INFORMATION GIVEN:
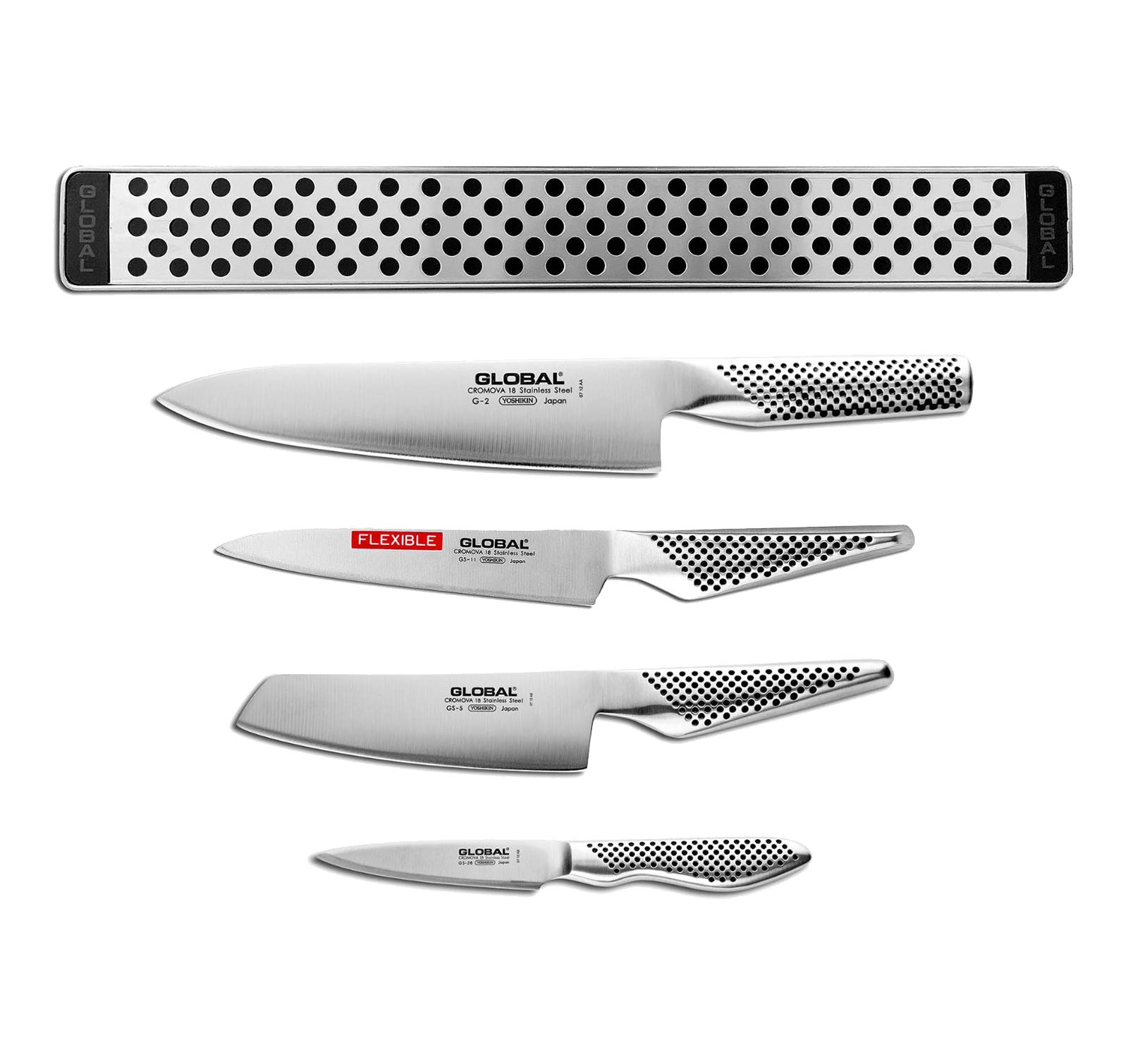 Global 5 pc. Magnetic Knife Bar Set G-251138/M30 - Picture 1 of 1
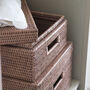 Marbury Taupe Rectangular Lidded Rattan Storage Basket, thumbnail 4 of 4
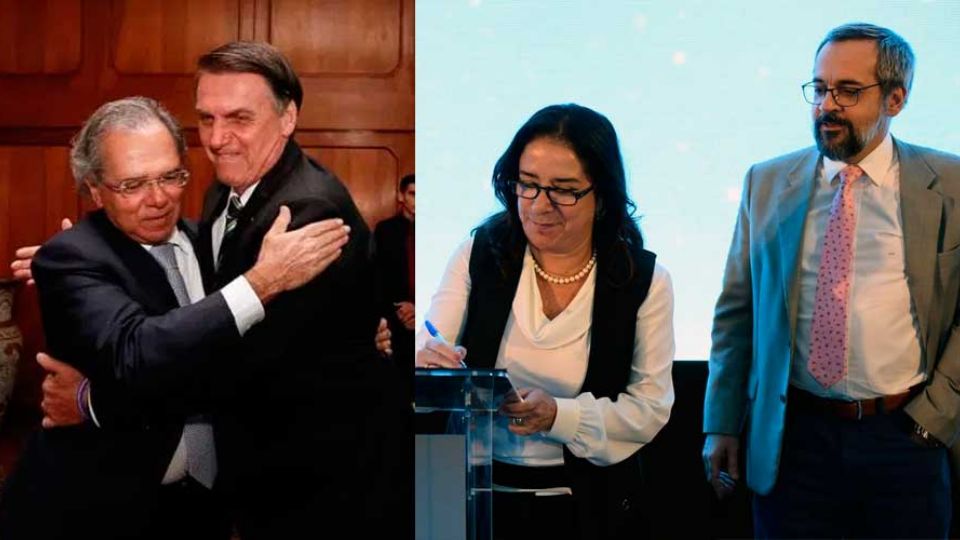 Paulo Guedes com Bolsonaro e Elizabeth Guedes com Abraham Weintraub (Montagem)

---

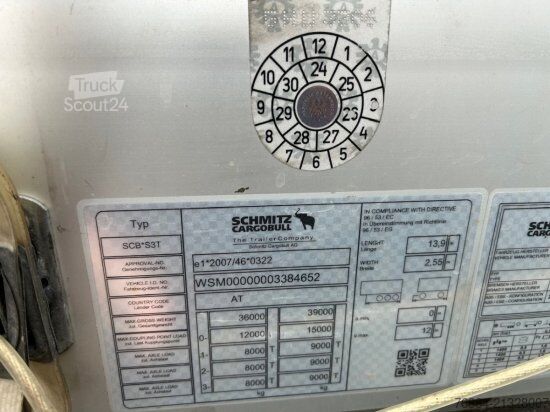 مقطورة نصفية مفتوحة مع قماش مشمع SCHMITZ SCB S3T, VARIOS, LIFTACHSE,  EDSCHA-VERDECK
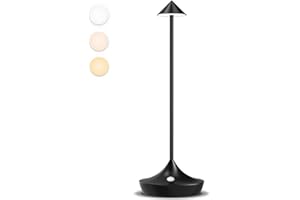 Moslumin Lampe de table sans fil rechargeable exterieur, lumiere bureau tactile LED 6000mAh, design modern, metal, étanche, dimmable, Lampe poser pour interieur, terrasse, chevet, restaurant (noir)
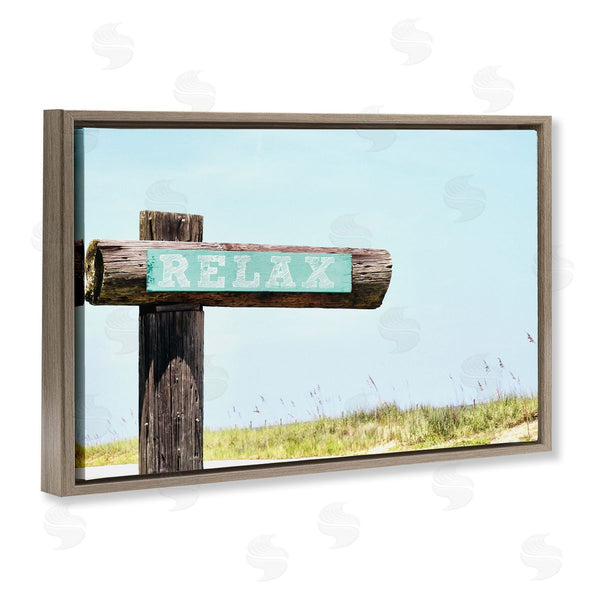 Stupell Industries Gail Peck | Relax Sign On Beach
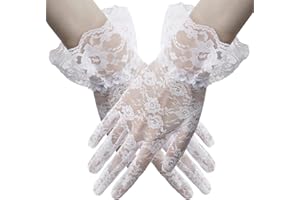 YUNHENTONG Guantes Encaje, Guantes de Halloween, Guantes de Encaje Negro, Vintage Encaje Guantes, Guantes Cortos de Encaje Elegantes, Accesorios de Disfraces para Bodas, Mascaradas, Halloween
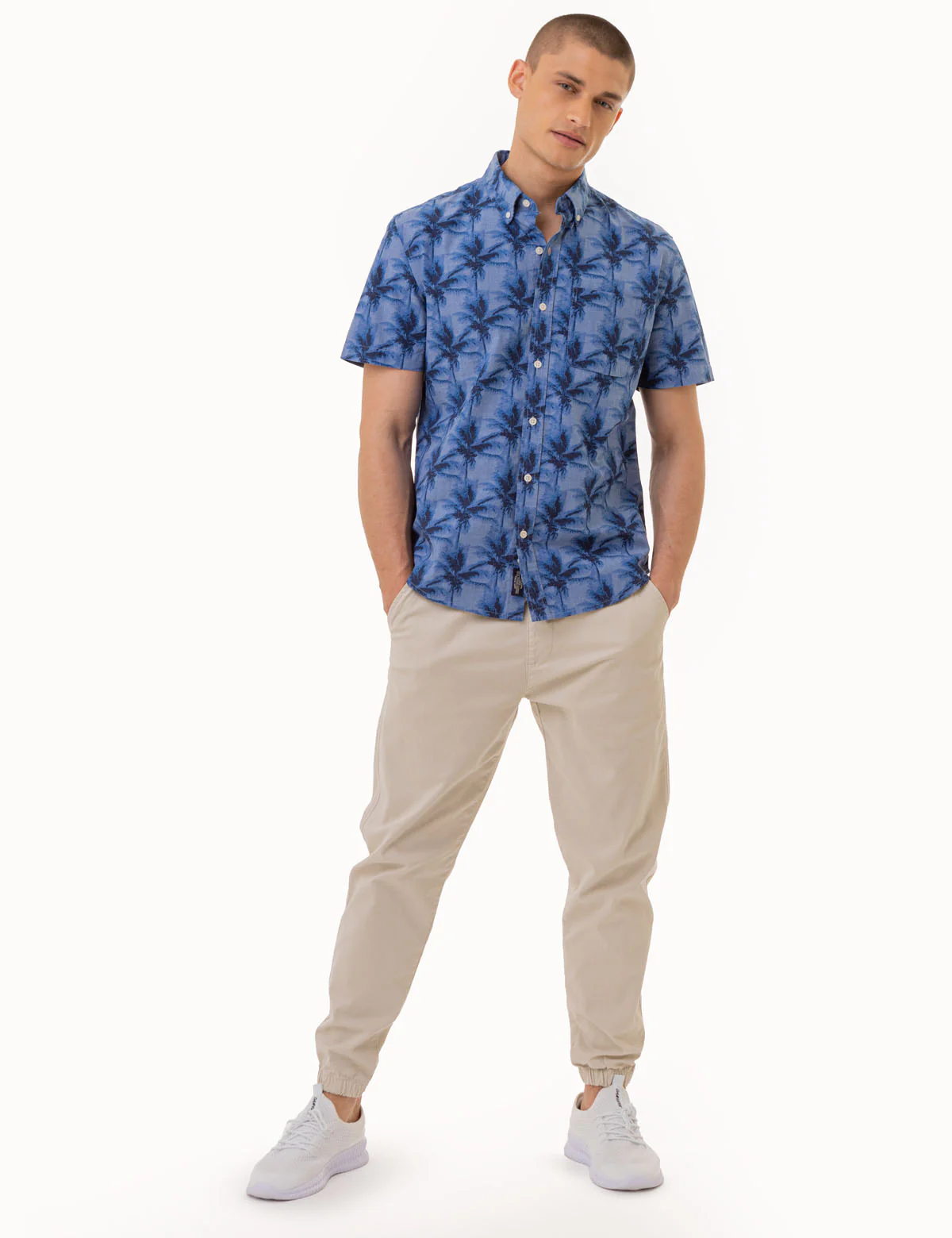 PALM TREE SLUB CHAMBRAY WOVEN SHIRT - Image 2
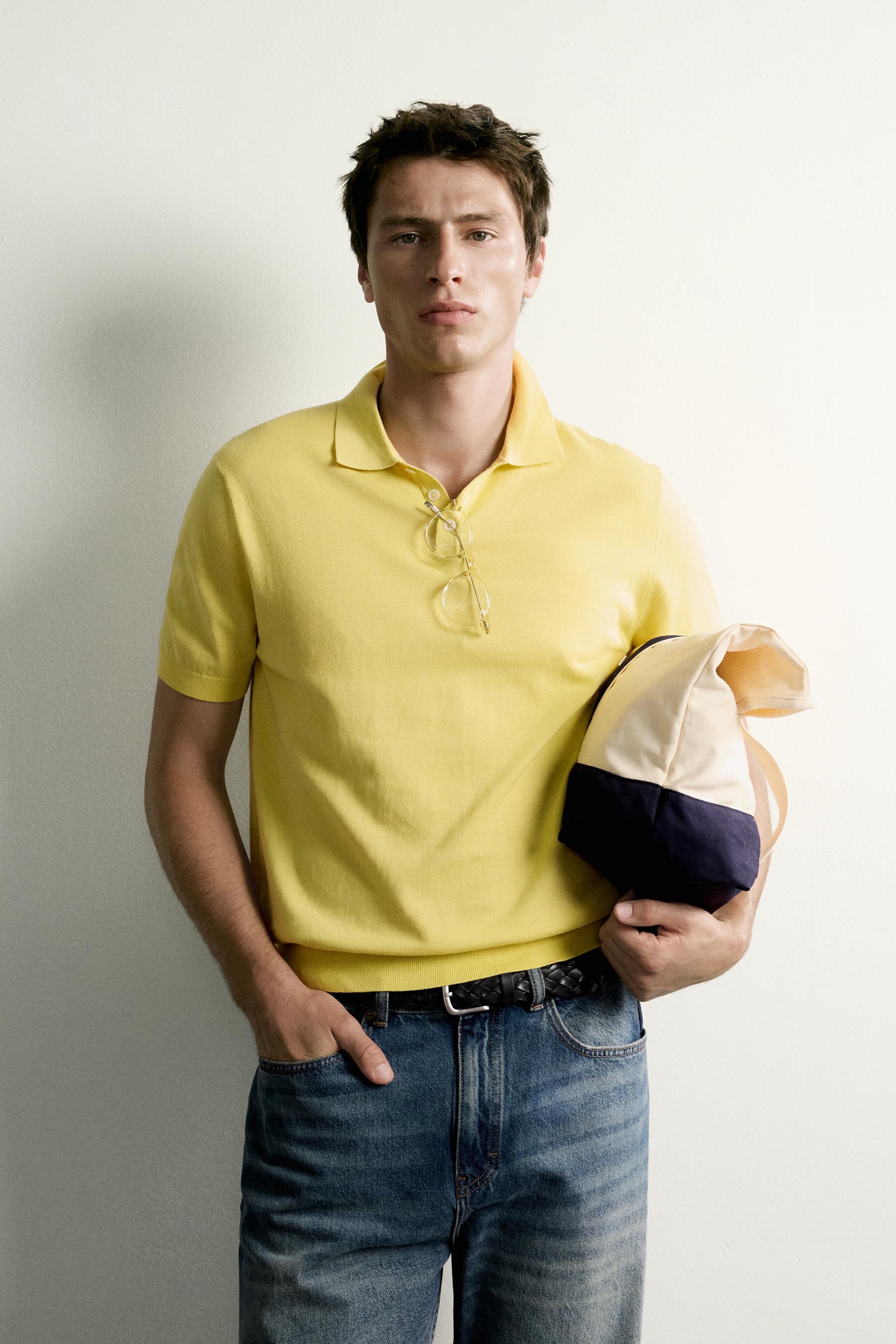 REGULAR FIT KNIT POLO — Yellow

EXERCISE GOAL:
An exact transcription is needed of the lines from the one with "YUNHENTONG Guantes Encaje, Guantes" to the one with "REGULAR FIT KNIT POLO — Yellow" above, both ends included, with pictures left out.

ANSWER AREA:
 YUNHENTONG Guantes Encaje, Guantes de Halloween, Guantes de Encaje Negro, Vintage Encaje Guantes, Guantes Cortos de Encaje Elegantes, Accesorios de Disfraces para Bodas, Mascaradas, Halloween
 PALM TREE SLUB CHAMBRAY WOVEN SHIRT - Image 2
 REGULAR FIT KNIT POLO — Yellow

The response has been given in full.